Find the number of real solutions $x\in\mathbb{R}$ of the equation $$ 1+8^x+27^x = 2^x+12^x+9^x $$
My Attempt:
Let $2^x=a>0$ and $3^x=b>0$ where $x\in \mathbb{R}$. This allows us to change the equation to
$$ 1+a^3+b^3 = a+a^2b+b^2 $$
This can be rewritten as
$$ (a+b)^3-3ab(a+b)+1 = a+ab(a+b) $$
How can I solve the problem from this point?
On
A different method. Define:
$$f(a,b)= 1 + a^3 + b^3 - (a + a^2 b + b^2)$$ Show by solving $f'_a = f'_b=0$ that the minimum of $f$ is at $a=b=1$, and that $f(1,1)=0$, proving there is a single solution, $x=0$.
On
If the equation $f(a,b,c)=0$ is symmetrical in the sense that $f(a,b,c)=f(\overline{a,b,c})$ where $\overline{a,b,c}$ represents any permutation of $\{a,b,c\}$ then if it has an extreme point it must be $a=b=c$.
Proof is very simple. Take that it has an extreme point for $a_{0}>b_{0}>c_{0}$. Then by permutation it would have more extreme points where $b_{0}>a_{0}>c_{0}$ or $a_{0}>c_{0}>b_{0}$. Because of this it must be only $a_{0}=b_{0}=c_{0}$. It remains to prove that the extreme exists and that it is a minimum in this particular case.
For any $a=b=c$ we have $f(a,b,c)=a^{3}+b^{3}+c^{3}-a^{2}b-b^{2}c-c^{2}a=0$.

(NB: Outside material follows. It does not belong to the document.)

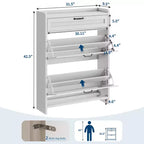 Scarpiera con 2 ante a ribalta e 1 cassetto superiore, Organizer per scarpe in legno con ripiano regolabile, Mobiletto autoportante per ingresso e soggiorno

Let us have a point $a_{1} \geq b_{1} \geq c_{1} \geq 0$ where it is not $a_{1} = b_{1} = c_{1}$
It would be $(a_{1}^{3}-a_{1}^{2}b_{1})+(b_{1}^{3}-b_{1}^{2}c_{1})+(c_{1}^{3}-c_{1}^{2}a_{1})>0$ because each $a_{1}^{3}-a_{1}^{2}b_{1} \geq 0,b_{1}^{3}-b_{1}^{2}c_{1} \geq 0, c_{1}^{3}-c_{1}^{2}a_{1} \geq 0$ but at least one is different from $0$.
So $0$ is a minimum. The solution to the above equation follows.
Hint: by rearrangement inequality
$$a^3+b^3+c^3 = a^2b+b^2c+c^2a$$
happens iff $a=b=c$.